Pennsylvania Supreme Court to decide if jury needs to hear from a psychological expert to decide the case of Jose Alicea.
Are certain people especially vulnerable to being pressured to confess to a crime they did not commit?
Last year a Pennsylvania Superior Court panel said a jury should be allowed to hear the opinion of a psychological expert on this question raised in a Philadelphia homicide case.
On Tuesday the state Supreme Court put that ruling on hold, agreeing to consider an appeal filed by the Philadelphia District Attorney’s office contending the Superior Court judges “mischaracterized and misapplied” Supreme Court precedent.
The ruling means that Jose Alicea, now 26, will remain in custody without bail awaiting trial for murder in the Oct. 30, 2005 shooting of 21-year-old Esroy George Rowe during a melee at their neighborhood café in Olney.

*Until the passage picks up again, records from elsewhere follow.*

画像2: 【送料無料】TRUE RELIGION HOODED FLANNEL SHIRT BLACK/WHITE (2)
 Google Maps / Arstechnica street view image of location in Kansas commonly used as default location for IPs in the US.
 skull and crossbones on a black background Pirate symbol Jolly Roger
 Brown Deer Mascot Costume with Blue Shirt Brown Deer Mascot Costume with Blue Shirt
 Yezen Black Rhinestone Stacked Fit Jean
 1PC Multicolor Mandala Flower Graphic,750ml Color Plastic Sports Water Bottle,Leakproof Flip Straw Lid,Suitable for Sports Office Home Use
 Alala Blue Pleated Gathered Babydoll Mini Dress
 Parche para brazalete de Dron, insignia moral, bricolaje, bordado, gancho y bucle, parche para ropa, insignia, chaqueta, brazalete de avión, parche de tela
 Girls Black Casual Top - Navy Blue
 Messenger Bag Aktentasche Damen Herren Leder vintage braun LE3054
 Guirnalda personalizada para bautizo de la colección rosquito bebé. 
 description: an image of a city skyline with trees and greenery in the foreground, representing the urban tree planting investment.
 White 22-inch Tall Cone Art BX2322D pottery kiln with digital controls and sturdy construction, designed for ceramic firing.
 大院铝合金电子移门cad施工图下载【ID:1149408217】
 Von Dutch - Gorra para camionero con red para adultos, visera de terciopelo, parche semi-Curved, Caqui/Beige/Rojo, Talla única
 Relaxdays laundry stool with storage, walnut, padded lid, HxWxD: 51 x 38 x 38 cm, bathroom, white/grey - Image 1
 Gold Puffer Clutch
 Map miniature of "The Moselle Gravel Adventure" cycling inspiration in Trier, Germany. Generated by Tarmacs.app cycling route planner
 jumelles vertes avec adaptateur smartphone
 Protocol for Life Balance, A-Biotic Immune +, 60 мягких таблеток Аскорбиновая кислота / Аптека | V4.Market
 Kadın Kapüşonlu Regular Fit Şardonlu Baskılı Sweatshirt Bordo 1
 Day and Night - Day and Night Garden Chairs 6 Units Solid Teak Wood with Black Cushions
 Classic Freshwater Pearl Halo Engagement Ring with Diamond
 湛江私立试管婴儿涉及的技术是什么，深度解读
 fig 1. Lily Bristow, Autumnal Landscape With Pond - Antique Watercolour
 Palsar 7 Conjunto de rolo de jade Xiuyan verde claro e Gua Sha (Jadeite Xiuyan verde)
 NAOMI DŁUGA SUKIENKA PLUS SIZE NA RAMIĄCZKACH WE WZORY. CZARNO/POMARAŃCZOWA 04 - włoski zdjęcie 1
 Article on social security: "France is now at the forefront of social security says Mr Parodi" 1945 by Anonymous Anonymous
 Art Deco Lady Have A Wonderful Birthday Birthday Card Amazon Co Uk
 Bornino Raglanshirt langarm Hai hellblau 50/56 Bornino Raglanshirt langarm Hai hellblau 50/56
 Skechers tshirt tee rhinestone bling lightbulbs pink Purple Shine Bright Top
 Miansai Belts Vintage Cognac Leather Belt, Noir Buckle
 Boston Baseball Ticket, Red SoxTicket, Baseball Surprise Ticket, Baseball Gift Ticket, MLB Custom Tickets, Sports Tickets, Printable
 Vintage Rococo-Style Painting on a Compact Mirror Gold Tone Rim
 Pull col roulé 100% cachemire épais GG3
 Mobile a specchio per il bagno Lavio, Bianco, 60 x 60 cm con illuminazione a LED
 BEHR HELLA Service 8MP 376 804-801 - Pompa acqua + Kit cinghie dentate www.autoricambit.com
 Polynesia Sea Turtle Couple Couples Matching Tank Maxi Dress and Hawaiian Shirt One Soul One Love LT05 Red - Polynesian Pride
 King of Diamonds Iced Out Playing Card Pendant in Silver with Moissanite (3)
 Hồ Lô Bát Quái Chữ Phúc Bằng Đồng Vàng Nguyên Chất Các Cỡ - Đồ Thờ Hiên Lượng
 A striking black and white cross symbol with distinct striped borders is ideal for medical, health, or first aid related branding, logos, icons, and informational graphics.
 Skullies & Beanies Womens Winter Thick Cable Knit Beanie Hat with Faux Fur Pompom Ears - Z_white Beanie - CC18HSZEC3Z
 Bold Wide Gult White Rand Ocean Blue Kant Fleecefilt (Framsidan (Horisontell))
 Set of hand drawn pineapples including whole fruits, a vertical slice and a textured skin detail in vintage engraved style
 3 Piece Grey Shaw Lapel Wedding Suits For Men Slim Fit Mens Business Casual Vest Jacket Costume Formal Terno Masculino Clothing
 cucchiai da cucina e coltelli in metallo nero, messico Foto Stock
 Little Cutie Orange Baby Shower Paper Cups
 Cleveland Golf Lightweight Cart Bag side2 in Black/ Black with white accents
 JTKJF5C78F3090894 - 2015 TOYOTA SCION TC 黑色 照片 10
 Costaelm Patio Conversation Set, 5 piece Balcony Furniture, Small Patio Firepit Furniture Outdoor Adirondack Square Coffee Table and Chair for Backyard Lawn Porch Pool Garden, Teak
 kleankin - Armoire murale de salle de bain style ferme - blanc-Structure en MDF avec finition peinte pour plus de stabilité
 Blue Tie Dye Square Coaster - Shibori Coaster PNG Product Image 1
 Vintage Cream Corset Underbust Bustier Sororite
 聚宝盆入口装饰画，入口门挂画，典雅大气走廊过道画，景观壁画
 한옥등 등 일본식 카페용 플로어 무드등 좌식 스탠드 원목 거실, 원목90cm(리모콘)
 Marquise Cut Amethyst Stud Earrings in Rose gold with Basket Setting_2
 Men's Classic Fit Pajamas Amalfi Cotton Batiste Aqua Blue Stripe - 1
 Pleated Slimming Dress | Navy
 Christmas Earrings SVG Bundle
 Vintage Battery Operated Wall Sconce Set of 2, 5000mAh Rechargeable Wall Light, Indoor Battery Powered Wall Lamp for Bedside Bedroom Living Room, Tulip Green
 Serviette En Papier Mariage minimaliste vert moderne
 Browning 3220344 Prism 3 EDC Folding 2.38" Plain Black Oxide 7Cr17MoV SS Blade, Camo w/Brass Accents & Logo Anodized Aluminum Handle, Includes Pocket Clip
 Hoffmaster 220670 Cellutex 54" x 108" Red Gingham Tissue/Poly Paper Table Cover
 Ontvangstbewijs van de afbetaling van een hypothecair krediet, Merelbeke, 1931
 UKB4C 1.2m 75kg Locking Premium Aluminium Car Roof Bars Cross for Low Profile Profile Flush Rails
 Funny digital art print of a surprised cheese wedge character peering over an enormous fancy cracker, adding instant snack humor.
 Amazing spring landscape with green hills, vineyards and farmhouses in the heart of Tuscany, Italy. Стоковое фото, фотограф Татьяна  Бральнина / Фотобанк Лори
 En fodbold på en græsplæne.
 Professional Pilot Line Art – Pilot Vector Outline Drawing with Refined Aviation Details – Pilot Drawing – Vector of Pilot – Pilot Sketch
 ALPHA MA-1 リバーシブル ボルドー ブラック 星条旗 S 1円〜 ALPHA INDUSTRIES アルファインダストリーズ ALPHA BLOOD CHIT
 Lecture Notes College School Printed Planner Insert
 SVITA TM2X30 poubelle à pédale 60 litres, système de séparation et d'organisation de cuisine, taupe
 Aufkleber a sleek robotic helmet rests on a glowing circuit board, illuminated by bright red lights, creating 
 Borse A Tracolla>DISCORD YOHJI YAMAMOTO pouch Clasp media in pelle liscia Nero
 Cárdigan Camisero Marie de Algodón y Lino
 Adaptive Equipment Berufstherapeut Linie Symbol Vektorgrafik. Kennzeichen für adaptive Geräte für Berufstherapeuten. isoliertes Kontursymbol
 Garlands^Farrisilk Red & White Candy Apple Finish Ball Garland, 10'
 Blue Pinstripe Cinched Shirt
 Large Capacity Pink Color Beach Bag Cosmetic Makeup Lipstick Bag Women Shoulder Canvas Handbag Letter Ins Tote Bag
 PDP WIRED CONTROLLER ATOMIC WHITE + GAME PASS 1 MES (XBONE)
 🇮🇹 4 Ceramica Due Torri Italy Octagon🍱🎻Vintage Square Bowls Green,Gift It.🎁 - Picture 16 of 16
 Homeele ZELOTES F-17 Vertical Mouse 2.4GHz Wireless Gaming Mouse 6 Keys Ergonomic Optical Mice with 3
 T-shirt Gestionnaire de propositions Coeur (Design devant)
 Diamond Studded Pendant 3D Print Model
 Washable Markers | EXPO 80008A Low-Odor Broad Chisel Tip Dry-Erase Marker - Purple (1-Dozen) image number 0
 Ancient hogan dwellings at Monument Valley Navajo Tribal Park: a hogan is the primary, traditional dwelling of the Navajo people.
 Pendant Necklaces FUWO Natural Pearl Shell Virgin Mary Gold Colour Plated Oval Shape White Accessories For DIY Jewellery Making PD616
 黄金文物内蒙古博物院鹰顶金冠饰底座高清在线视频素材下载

Alicea, then 19, with no prior arrest record and an IQ of 64 – six points below the traditional threshold for mental retardation – was brought in for questioning at 2 a.m., Nov. 1, 2005, according to court documents. Five hours later, nervous and shaking, Alicea began a statement to detectives implicating himself.
Beyond his confession, say court records, the evidence against him was equivocal: eyewitnesses who identified two other people as the shooter.
In pretrial hearings before Common Pleas Court Judge Benjamin Lerner, Alicea’s lawyers argued that they should be allowed to call as a witness Richard Leo, a nationally known expert on police interrogation and false confessions. Lerner said yes, ruling that Leo’s expert testimony would not interfere with a jury’s ability to assess the credibility of Alicea’s claim of a coerced confession.
The Philadelphia District Attorney’s office appealed to the Superior Court and last year got the split-opinion from the three-judge panel affirming Lerner’s ruling.
“Even those jurors who are aware of police interrogation techniques, or believe that they are aware by watching media and television,” wrote Superior Court Judge Mary Jane Bowes in the majority opinion, “are unlikely to understand how these methods can lead to an innocent individual confessing."
Superior Court Judge Correale F. Stevens dissented, writing that the state Supreme Court had long restricted the use of expert witnesses to those instances where “formation of an opinion on a subject requires knowledge, information or skill beyond that possessed by the ordinary juror.”
Now the Supreme Court will decide if the Superior Court judges got it right or wrong.
Hugh Burns, chief of the appeals unit in the District Attorney’s office, said he expects the high court to issue a briefing schedule on the case soon and decide in several months whether it will hear oral argument.
Defense attorney Lawrence S. Krasner could not be reached for comment.